■ Action item: Repeat the following entries verbatim, apart from the pictures.

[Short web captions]
※ ※ ※

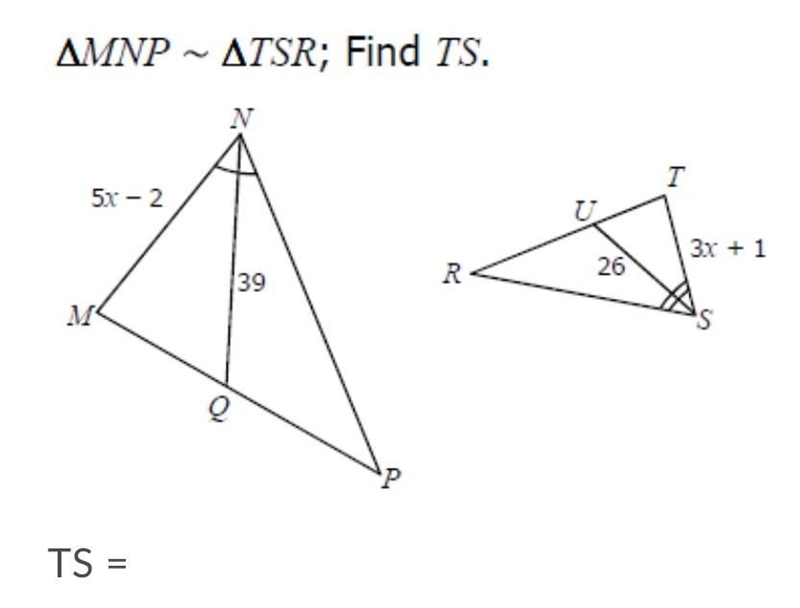 Math PLEASE HELP IM SO CONFUSED IM ATTACHING THE SLIDES!!!!-example-2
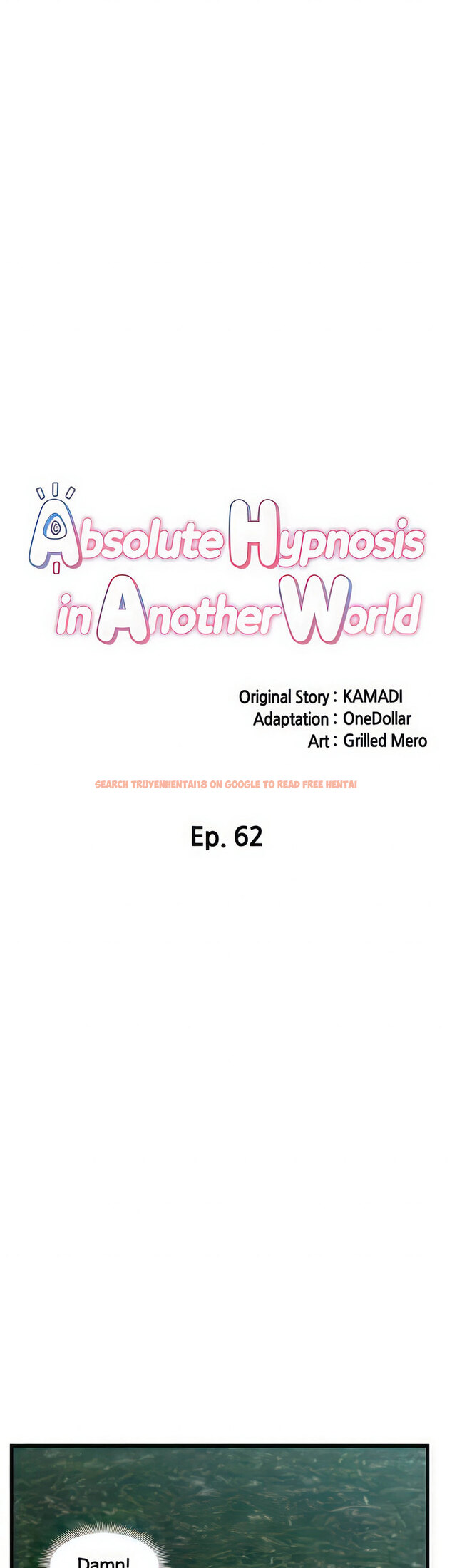 Read Hentai Image 4 095 in comic Absolute Hypnosis In Another World - Chapter 62 - www.hentaitnt.net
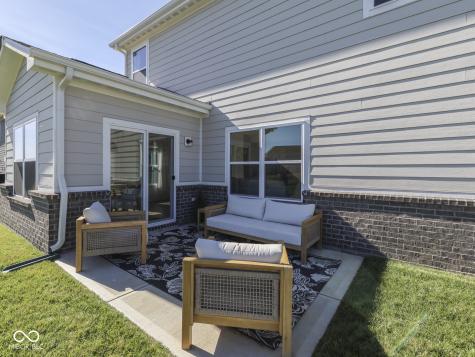 5691 Volanti Way Greenwood IN 46143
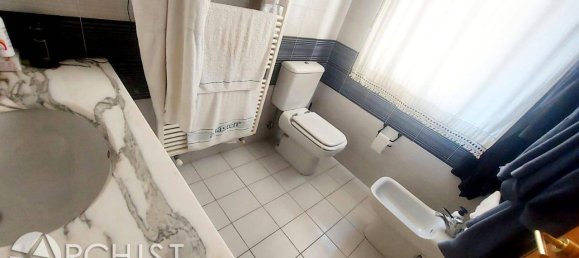 5غرفة منزل في Montecatini Terme, Italy رقم 154399 11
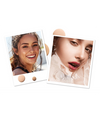 MAX DOUBLE MATTE FOUNDATION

※ ※ ※

■ Exercise output:
 Math PLEASE HELP IM SO CONFUSED IM ATTACHING THE SLIDES!!!!-example-2
 Read Hentai Image 4 095 in comic Absolute Hypnosis In Another World - Chapter 62 - www.hentaitnt.net
 5691 Volanti Way Greenwood IN 46143
 5غرفة منزل في Montecatini Terme, Italy رقم 154399 11
 MAX DOUBLE MATTE FOUNDATION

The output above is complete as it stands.